Premiums increased for the 20th consecutive quarter in Q3 2022, with respondents reporting an average premium increase across all account sizes of 8.1%, up from the increase of 7.1% recorded in Q2.
Prices remained relatively stable in Q3 2022 for most lines of business, with prices increasing by an average of 7.0% across all lines of business. Workers compensation prices continued to decrease, at an average of – 0.7%. It was the only line that saw a decrease.
Inflation was top of mind for brokers this quarter—95% of respondents agreed inflation had influenced key market trends such as premium pricing. Its influence was also felt in the talent arena, with multiple respondents saying hiring or replacing employees had become more expensive because of inflation.

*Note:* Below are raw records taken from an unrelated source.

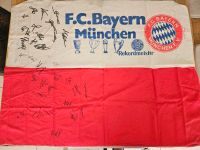 alte unterschriebene FC Bayern Fahne, rar Kr. Altötting - Garching an der Alz Vorschau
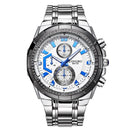 LONGBO 80135 Military Style Men Quartz Watch Luxury Stainless Steel Wristwatch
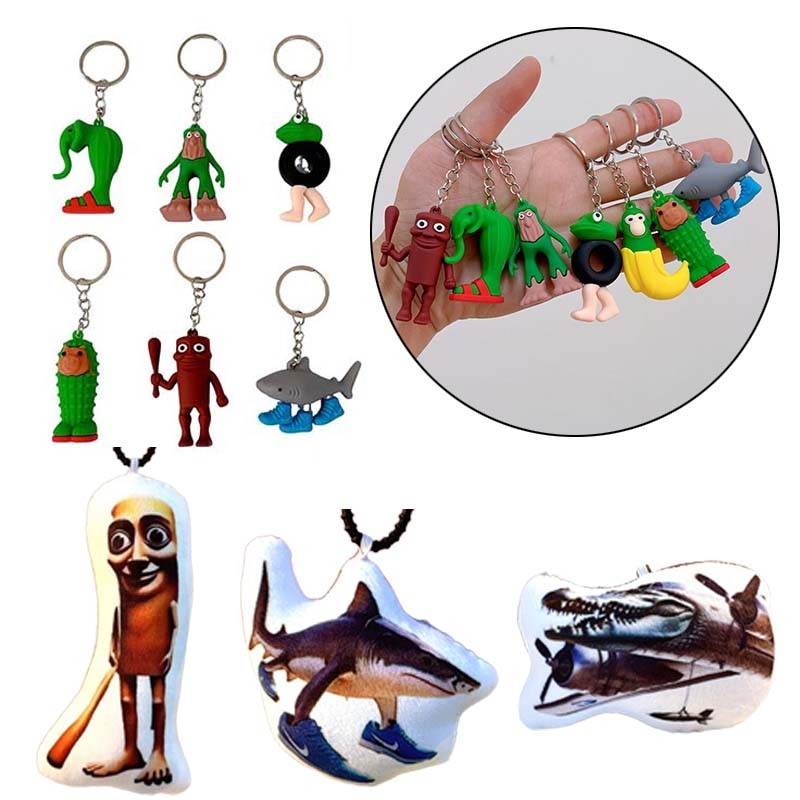 Brainrot Toy Tung Sahur Móc khóa với búp bê âm thanh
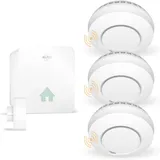 ELRO Connects SF500S Rauchmelder Kit - Komplettes Set K2 Connector + 3X Funk Rauchmelder Kit - Warnt per Smartphone - nach EN14604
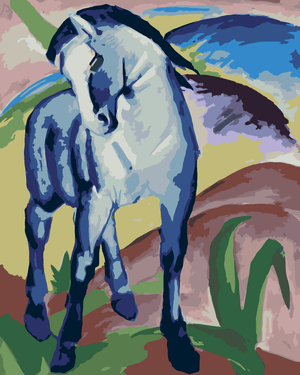 Goblen cu diamante - Cal Albastru (FRANZ MARC)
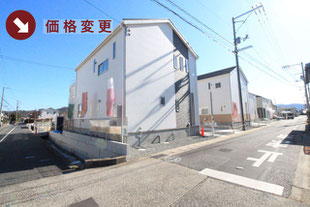 岡山県倉敷市北畝の新築一戸建て分譲住宅の外観 物件詳細ページにリンク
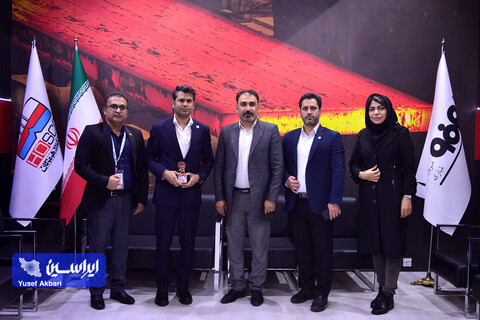 سالن اختصاصی گروه فولاد مبارکه در اخرین روز از بیست و یکمین نمایشگاه ایران متافو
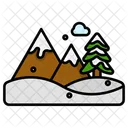 Snowy Mountain Icon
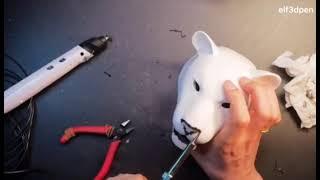 3D Print Pen make tiger-3d printing template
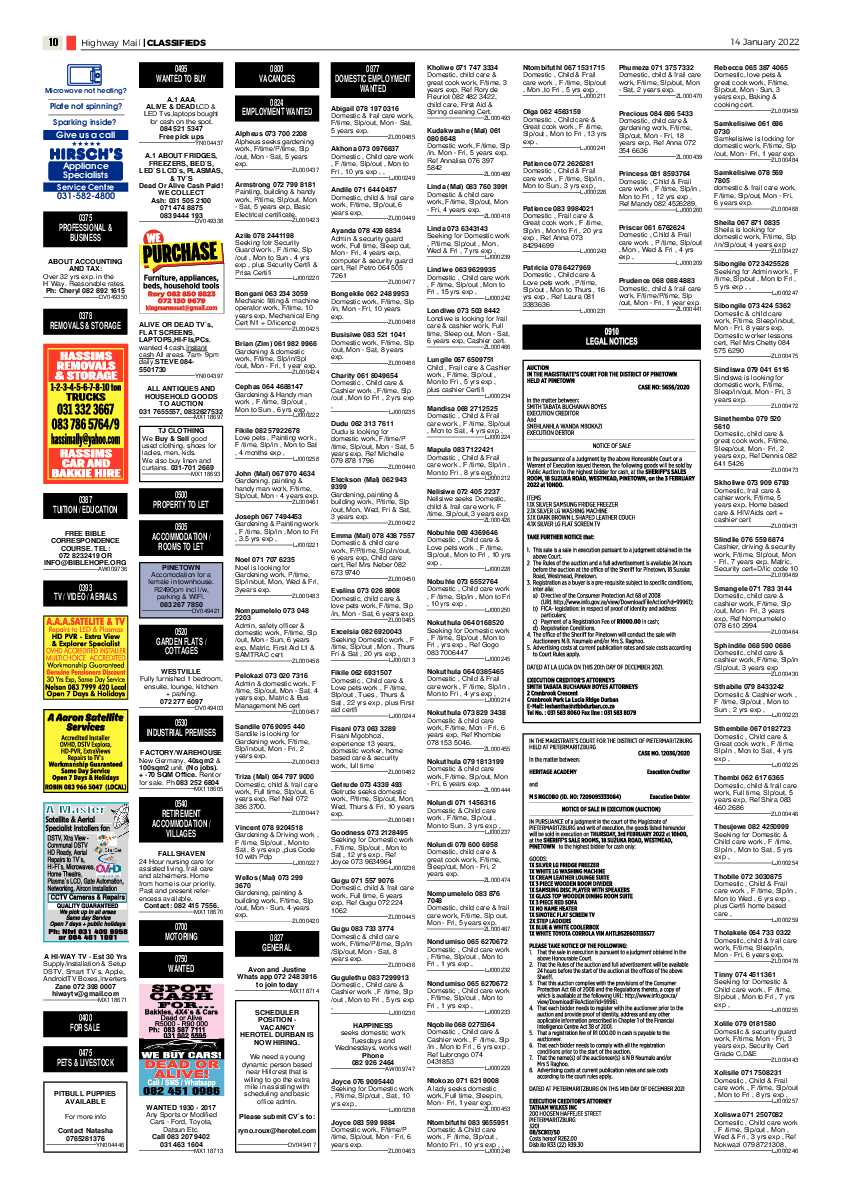 Highway Mail 14 January 2022 page 10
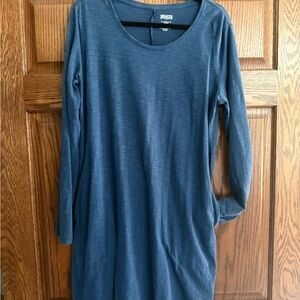 Duluth Trading Co Blue Long Sleeve Dress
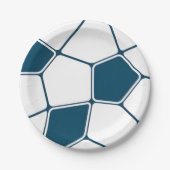 Fußball-Liebe Pappteller (Vorderseite)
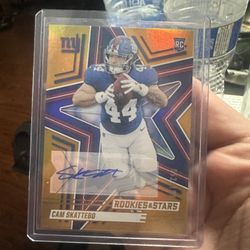 NFL Trading Card panini Cam skattebo autograph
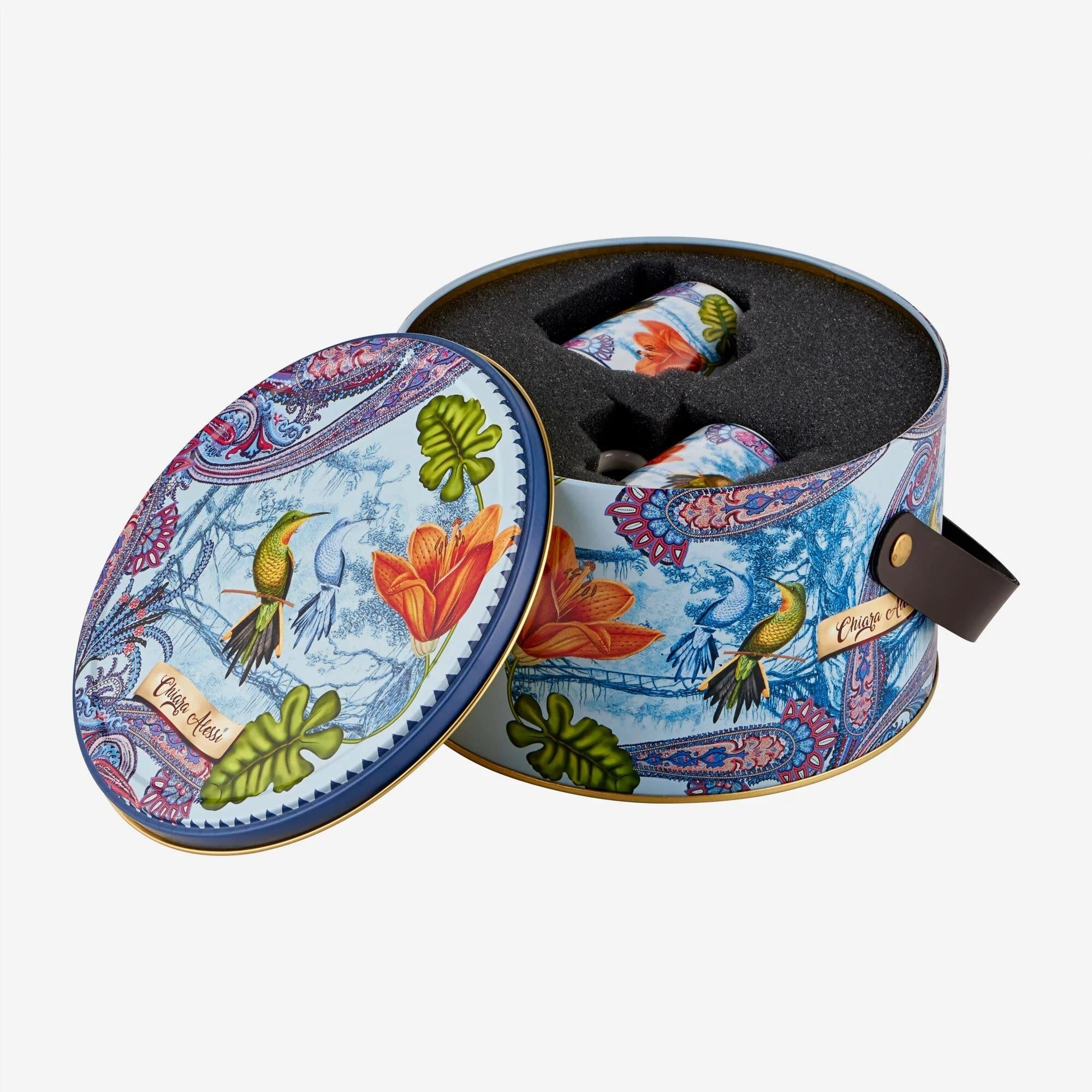 Chiara Alessi Mavi Porselen Kahve Fincan Seti 110 Ml Magic Garden Collection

The commercial property and cyber lines of business remained concerns for respondents. Natural catastrophes and inflation exerted upward pressure on property premiums. And while respondents signaled some relief in cyber prices, they still highlighted strict underwriting, reduced limits, and higher deductibles across the board for that line.
Commercial auto was affected by inflation driving up the cost for repairs, and thus claim costs. Auto claims were also up, possibly due to the post-pandemic resurgence in retail and the increasing number of employees commuting to the office all contributing to more vehicles on the road.
Regarding current market conditions, respondents saw an opportunity to show their value to clients by assisting them with implementing robust risk mitigation techniques to bring premiums down.
Respondents also saw an opportunity to take advantage of the increasing popularity of “work from anywhere” to search for talent outside of their geographical area in order to address talent needs.